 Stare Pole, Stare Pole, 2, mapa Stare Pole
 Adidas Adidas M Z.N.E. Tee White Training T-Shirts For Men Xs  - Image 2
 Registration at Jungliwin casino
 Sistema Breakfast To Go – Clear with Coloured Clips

--

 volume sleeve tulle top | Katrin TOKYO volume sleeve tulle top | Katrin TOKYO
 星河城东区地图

◆ TASK: In the entries above, the lines between the one holding "Stare Pole, Stare Pole, 2, mapa Stare Pole" and the one holding "Sistema Breakfast To", inclusive, are to be printed exactly as written, and those alone.

◆ SOLUTION TO THIS PROBLEM:
 Stare Pole, Stare Pole, 2, mapa Stare Pole
 Adidas Adidas M Z.N.E. Tee White Training T-Shirts For Men Xs  - Image 2
 Registration at Jungliwin casino
 Sistema Breakfast To Go – Clear with Coloured Clips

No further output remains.